EXERCISE GOAL:
With the images removed, transcribe the listing that follows exactly.

DATA EXTRACT:

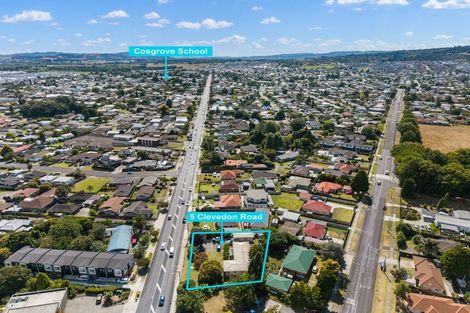 Photo of property in 5 Clevedon Road, Papakura, 2110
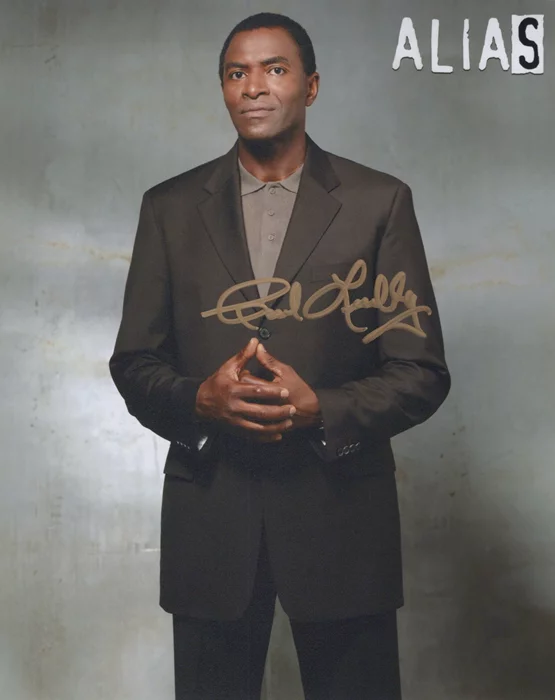 Carl Lumbly autograph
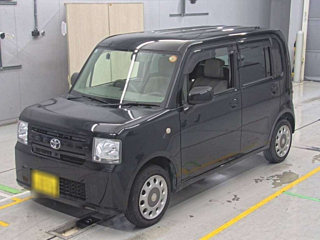 TOYOTA PIXIS SPACE 2014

OUTPUT FOR THIS EXERCISE:
 Photo of property in 5 Clevedon Road, Papakura, 2110
 Carl Lumbly autograph
 TOYOTA PIXIS SPACE 2014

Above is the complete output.